Capitalism in crisis?
Professor Alex Edmans of London Business School has been at the forefront of thinking on purpose for many years, and his latest book, Grow the pie, assesses “how great companies deliver both purpose and profit”. In this issue of Review of Financial Markets (p.58), he outlines some of his key conclusions. Our article on pages 58–59 comprises extracts from the book.
Andy Haldane, chief economist at the Bank of England, declared the book
“superb … it makes the case, compellingly and comprehensively, for a radical rethink of how companies operate and indeed why they exist. It is a tour de force.” Andrew Lo, professor of finance at the MIT Sloan School of Management, says of the book: “This is capitalism with a human face.”
The foundations of property
Keith Robertson, Chartered FCSI, casts his eagle eye on property, and what it means for our sector's clients, from his eyrie in the far north.
From his introduction to the article, p.60:
This article was prompted by the unavoidable realisation that the distortion in London property prices does not indicate that capitalism is working well but rather, that its name is used to justify personal greed at the expense, potentially, of a safe and stable society.
... In the past 25 years, prices and affordability ratios in London have increased grotesquely for the reasons I describe in the article. The result has been that even moderately well-paid professionals like teachers, solicitors (outside the City’s ‘magic circle’), police, local administrators, let alone the masses of care workers, nurses, firemen, transport workers, and other essential workers that keep the city going, have been completely priced out of anywhere even half decent to live within reasonable travelling distance of their workplace.

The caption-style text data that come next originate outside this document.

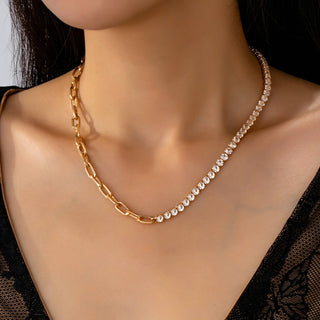 Dual Necklace - Half Rhinestones & Half Link Chain | 80N92669 - Rise and Redemption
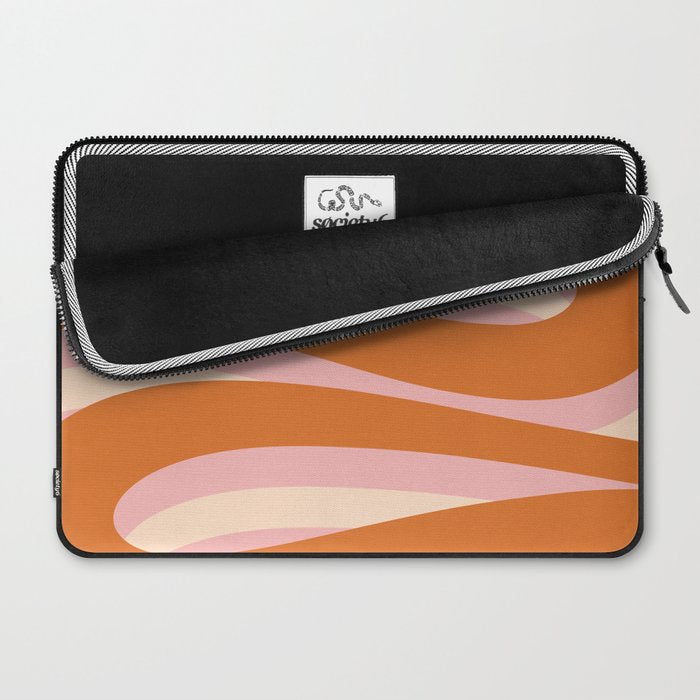 Pop Swirl Wavy Abstract Line Pattern Pink Orange Cream Laptop Sleeve Gallery Image 2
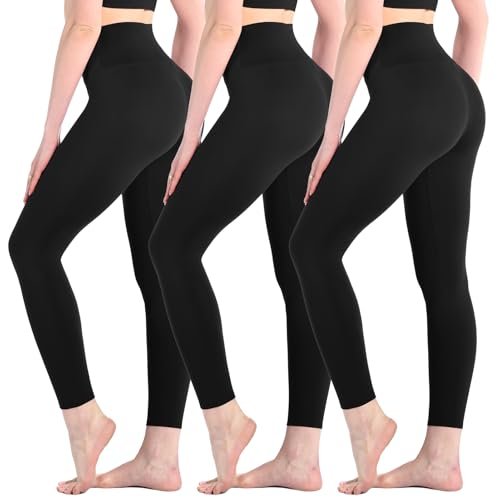 Leafigure 3 Pack Leggings for Women,High Waisted Yoga Pants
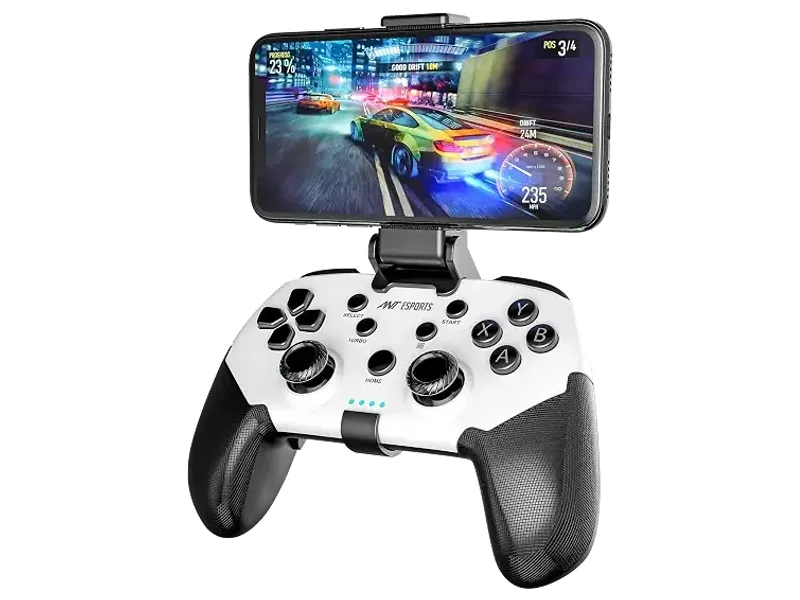 Ant Esports GP320 Wireless Gamepad for PC, Android, iPhone, PS4, PS3 & Nintendo Switch, Bluetooth Controller with Mobile Clip, Turbo Function, Macro Programming, X-Input/D-Input Support- Black White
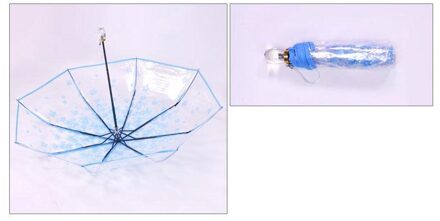Kersenbloesems Transparante Paraplu Compact Vouwen Winddicht Stijl Clear Paraplu Regen Voor Vrouwen Mannen Zon Regen Paraplu Blauw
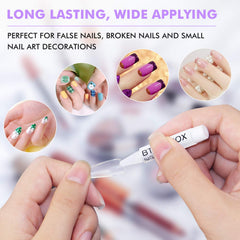 Kit BTArtbox de 8 tubos para fijar múltiples uñas de forma eficiente.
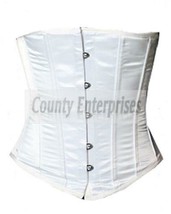 Full Steel Boned Underbust White Satin Corset Spiral Basque Heavy Lacing Shaper - £45.46 GBP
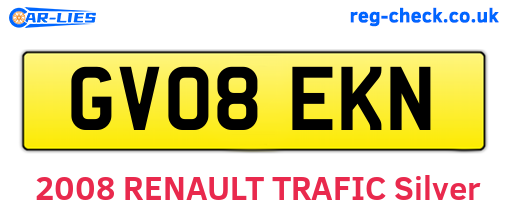 GV08EKN are the vehicle registration plates.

I believe this has huge implications for the future working of London and any city that cannot house its key workers in decent accommodation reasonably close to their workplaces. My proposed solution is radical and intended to provoke readers in financial services into thinking critically about these issues.
Post-normal bonds: financial instruments for a sustainable economy
Before the virus struck, this article was picked as the winning submission by two authors, Yelena Muzykina and Yelena Novikova, of an essay writing competition amongst young finance professionals. The essay has turned out to be surprisingly prescient as the world seeks clarity, energy and purpose in this dreadful corona year.
The authors consider the development and deployment of new types of financial instruments to help promote a new world order in finance.